Possible pathways around SecB. All contact sites identified in this study are shown in green. The arrows indicate possible routes around the chaperone. (a), (b) and (c) are each related to the previous structure by a 90° rotation about the vertical axis to the left. (d) is related to (a) by a 90° rotation about the horizontal axis toward the viewer. (a) front view of the deep channel; the interface of the dimers that form the tetramer is aligned with the vertical axis. (b) flat 8-stranded β-sheet that is the side of the tetramer. (c) channel of the dimer interface at the face opposite that shown in (a). (d) end view of the tetramer.

Flexibility in choice of pathway may be important for function since the complex of SecB and ligand must bind SecA to be directed to the translocon. SecA docks onto SecB across the channel and interacts with many residues that are also capable of interaction with the precursor (contacts with SecA⁴ are shown in purple in Figure 11). Presumably precursor would be excluded from these sites when SecA is bound. However, since only one dimer of SecA binds a tetramer of SecB²⁰ the corresponding residues on the opposite face would be available for binding of precursor. It is of particular interest to examine those sites on SecB in the ternary complex that make contact with precursor but not with SecA (shown in green, Figure 11(a)) even though when docked onto SecB a large domain of SecA, the precursor binding domain (PPXD)²¹ would be positioned directly over them.
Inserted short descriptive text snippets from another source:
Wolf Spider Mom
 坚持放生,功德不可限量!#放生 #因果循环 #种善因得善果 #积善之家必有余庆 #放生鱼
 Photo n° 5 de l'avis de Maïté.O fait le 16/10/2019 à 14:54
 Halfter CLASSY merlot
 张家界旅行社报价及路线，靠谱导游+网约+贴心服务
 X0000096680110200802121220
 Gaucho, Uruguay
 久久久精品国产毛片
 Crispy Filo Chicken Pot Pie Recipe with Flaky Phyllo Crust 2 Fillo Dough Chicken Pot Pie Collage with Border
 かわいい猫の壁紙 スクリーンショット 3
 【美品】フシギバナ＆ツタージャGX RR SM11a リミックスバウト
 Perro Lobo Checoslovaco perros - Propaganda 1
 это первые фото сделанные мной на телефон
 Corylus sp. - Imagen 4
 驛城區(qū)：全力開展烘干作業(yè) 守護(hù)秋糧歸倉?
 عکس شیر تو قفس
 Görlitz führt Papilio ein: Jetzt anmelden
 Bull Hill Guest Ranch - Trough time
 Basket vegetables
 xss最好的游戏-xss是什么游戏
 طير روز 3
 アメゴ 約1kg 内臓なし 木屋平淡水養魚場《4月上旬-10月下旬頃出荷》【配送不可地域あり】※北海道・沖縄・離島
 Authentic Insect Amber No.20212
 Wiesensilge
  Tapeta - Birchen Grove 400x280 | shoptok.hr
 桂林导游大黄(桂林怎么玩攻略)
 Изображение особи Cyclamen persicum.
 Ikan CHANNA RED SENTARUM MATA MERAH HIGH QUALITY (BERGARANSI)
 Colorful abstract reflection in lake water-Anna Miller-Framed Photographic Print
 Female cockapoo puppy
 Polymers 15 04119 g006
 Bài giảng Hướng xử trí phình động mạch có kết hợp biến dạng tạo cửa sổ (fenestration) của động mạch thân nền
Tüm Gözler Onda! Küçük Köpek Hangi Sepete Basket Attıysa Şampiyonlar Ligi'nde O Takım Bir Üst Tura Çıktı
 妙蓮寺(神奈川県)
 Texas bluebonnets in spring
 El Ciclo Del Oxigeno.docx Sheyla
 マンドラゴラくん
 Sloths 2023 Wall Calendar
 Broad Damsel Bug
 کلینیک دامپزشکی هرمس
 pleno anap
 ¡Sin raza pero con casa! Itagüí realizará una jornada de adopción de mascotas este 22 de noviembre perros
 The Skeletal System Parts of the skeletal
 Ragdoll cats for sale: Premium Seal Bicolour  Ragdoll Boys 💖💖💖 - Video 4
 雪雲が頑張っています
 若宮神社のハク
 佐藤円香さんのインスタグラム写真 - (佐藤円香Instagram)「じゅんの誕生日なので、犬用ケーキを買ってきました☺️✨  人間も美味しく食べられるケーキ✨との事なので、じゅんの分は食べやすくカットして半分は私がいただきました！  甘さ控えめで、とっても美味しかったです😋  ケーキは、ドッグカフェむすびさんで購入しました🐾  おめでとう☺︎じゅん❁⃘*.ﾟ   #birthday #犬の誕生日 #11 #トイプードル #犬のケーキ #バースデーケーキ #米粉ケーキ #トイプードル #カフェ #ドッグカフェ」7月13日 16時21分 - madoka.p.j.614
This domain has been shown to bind precursors by several laboratories using a variety of techniques including cross-linking studies,²² mutational analysis²³ and direct binding.²⁴^,²⁵ In the dimeric form of SecA the PPXD is packed onto the core of the protein. The crystal structure of a monomeric form reported by Osborne et al.²⁶ reveals a dramatic 60° rigid body movement of that domain which breaks the interface with the core of the protein and results in formation of a large groove. The authors proposed that this groove could provide a binding site for the unfolded polypeptide ligand. We have previously shown that when SecB binds SecA, the flexible C-terminal regions of SecB make contact with the interfacial region of SecA⁴ that includes the aminoacyl residues 1–11²⁰ indicated on the line drawing by the hatched lines. In the complex the PPXD of one protomer of SecA is situated directly opposite the site of interaction between the C terminus of SecB and the other subunit of SecA. If the interfacial contacts were broken by the binding of SecB, the PPXD would be free to take on the open conformation observed by Rapoport and his colleagues²⁶ and reveal the deep groove. Since the residues on SecB that would underlie this open domain of SecA (T10, Q14, Q33, S85 and A87) are involved in contacts with precursor, the opening of the interface and subsequent creation of the groove would provide a mechanism for the transfer of ligand from SecB to SecA.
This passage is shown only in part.